(Beginning of DATA FOR REVIEW)

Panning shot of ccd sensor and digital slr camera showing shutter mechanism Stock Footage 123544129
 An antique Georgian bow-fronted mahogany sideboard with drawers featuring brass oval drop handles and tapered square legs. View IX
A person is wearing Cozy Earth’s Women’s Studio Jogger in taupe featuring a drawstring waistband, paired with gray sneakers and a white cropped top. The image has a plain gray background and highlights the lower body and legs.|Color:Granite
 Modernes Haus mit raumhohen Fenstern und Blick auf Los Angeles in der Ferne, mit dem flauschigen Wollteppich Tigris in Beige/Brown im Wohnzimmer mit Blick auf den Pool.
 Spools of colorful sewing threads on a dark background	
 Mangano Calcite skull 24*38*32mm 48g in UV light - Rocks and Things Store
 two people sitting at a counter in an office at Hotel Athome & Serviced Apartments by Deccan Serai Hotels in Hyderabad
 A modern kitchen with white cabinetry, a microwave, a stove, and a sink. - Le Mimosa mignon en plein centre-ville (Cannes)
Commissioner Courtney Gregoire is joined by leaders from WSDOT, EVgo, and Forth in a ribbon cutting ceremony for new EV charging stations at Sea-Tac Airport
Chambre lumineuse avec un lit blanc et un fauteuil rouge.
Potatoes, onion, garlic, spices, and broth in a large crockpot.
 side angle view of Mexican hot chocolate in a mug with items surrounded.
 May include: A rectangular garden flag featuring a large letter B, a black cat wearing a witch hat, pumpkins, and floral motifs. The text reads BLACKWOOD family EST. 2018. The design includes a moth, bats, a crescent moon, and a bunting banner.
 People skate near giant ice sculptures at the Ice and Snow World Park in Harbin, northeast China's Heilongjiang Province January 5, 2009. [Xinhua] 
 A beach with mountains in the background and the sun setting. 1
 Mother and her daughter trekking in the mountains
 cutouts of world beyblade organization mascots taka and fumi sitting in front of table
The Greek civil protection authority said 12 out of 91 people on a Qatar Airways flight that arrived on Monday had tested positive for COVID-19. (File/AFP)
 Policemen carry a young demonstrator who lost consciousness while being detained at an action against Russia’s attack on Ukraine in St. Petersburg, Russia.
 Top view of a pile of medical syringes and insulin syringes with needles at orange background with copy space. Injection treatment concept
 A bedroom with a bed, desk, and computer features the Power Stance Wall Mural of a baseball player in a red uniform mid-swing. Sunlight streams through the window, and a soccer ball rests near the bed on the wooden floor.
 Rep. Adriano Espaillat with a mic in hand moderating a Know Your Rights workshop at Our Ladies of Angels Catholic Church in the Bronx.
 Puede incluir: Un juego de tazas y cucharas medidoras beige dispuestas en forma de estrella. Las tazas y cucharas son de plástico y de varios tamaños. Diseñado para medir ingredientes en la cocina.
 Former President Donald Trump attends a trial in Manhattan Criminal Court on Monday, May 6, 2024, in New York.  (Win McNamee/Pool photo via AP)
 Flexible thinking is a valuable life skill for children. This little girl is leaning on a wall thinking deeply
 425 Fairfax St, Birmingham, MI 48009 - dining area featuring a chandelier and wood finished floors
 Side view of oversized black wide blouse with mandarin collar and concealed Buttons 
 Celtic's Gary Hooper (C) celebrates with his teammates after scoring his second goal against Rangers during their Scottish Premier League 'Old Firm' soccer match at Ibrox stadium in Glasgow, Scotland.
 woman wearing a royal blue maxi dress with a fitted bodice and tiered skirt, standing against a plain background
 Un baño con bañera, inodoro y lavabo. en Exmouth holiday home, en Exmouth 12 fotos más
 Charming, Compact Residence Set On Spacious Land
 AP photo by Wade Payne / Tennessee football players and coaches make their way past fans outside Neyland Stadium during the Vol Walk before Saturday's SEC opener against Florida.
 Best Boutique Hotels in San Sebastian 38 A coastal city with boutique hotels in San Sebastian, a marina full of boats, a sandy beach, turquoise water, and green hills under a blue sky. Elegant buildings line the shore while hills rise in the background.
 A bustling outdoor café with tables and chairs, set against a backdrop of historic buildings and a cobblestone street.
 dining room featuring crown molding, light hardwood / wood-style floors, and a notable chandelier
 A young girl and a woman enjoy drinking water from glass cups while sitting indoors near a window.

(End of DATA FOR REVIEW)

WHAT THE TASK REQUIRES:
Of the lines in the listing above, count those containing the word "featuring", and state the count alone.

ANSWER TO THIS EXERCISE:
5